Comprehensive Summary
This retrospective, multicenter study asked whether a two-stage machine learning–based pipeline, which first predicts the duration of surgery (DOS) and then optimizes operating room schedules, could reduce overutilization and underutilization in total hip and knee arthroplasty scheduling compared with traditional mean-based scheduling. Using a multilayer perceptron (MLP) model trained on ACS NSQIP data, researchers predicted DOS for 302,490 TKA and 196,942 THA cases, then fed those predictions into three alternative integer-linear-programming scheduling formulations to construct weekly elective surgery schedules under realistic clinical constraints. The models were trained on 2014-2017 data, tuned on 2018, and evaluated on 2019 procedures. Preprocessing included extracting 33 preoperative patient features and rounding predicted completion times to 10- or 15-minute blocks. Schedules generated with ML predictions, historical mean DOS values, and true DOS (hindsight upper bound) were compared across >100 simulated weekly cycles. The best-performing formulation (MSSP: one surgeon per room per day) achieved consistent reductions in overtime of approximately 300–500 minutes per simulated week (P<.001) relative to mean-based schedules, though with modest increases in underutilization. Across schedule parameters, the two-stage method outperformed mean scheduling in >80% of simulated weeks and >90% of weeks when using 15-minute granularity. The analysis showed that the “Any” formulation yielded the poorest performance across parameter sets, while the MSSP and Split formulations produced significantly less overtime and avoided cascading errors arising from DOS underestimation.
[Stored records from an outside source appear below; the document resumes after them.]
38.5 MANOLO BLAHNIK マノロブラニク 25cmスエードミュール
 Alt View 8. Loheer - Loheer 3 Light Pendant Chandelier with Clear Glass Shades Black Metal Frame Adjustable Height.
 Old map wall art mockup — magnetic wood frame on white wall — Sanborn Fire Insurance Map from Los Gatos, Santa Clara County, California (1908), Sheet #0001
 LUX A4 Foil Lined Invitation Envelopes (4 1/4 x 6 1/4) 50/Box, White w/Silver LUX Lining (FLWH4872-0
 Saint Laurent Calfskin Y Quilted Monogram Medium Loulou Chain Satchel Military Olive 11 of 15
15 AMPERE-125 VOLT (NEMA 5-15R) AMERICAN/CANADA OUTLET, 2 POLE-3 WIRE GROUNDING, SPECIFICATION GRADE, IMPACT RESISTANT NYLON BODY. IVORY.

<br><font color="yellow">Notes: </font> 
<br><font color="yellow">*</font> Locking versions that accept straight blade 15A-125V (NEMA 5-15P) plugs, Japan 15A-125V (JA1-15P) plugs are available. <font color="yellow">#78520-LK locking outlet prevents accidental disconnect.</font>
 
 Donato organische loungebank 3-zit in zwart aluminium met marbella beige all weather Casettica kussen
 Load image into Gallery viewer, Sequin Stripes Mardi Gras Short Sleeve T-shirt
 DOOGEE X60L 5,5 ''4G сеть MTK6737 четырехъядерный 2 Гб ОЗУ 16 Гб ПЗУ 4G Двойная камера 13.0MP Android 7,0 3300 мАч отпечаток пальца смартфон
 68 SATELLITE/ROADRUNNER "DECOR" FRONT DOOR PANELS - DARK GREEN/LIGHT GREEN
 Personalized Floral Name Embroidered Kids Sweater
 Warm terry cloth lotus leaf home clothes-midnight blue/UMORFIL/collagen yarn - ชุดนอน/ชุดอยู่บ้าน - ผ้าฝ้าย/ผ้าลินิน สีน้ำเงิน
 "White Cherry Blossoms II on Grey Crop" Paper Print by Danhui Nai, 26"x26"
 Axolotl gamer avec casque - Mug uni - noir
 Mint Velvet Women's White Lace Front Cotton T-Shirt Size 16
Secondary analyses demonstrated that schedule granularity and surgeon waitlist size significantly influenced underutilization, with less unused time observed when using 15-minute blocks and waitlists ≥500 cases. Although hindsight schedules, using perfect DOS information, generated near-ideal performance, neither the ML-based nor the mean-based methods matched this upper bound. Limitations included reliance solely on preoperative features, potential selection bias, lack of surgeon-specific operative patterns, absence of bed and staffing constraints, and incomplete fairness or subgroup analyses. External validation was not performed, and findings primarily reflect simulation-based performance rather than real-world operational outcomes.
Outcomes and Implications
This study suggests that patient-specific MLP DOS predictions, when integrated with realistic scheduling optimization, can meaningfully improve operating room efficiency and reduce overtime in high-volume orthopedic centers. The two-stage pipeline has the potential to support more predictable operative days, better alignment of surgeon block time, and downstream benefits in staffing, cost containment, and throughput. In practice, such a system could be embedded into hospital scheduling software to generate weekly block assignments using surgeon-specific waitlists, allowing teams to anticipate staffing needs, minimize late-day overruns, and improve workflow reliability. However, translation into routine clinical operations will require better DOS prediction accuracy, potentially incorporating institution-specific factors, surgeon-level data, and real-time adjustments, along with prospective validation in live scheduling environments. Even so, the findings highlight how ML-enhanced planning tools could help health systems facing rising surgical volume and constrained resources by enabling more efficient, data-driven allocation of operating room time.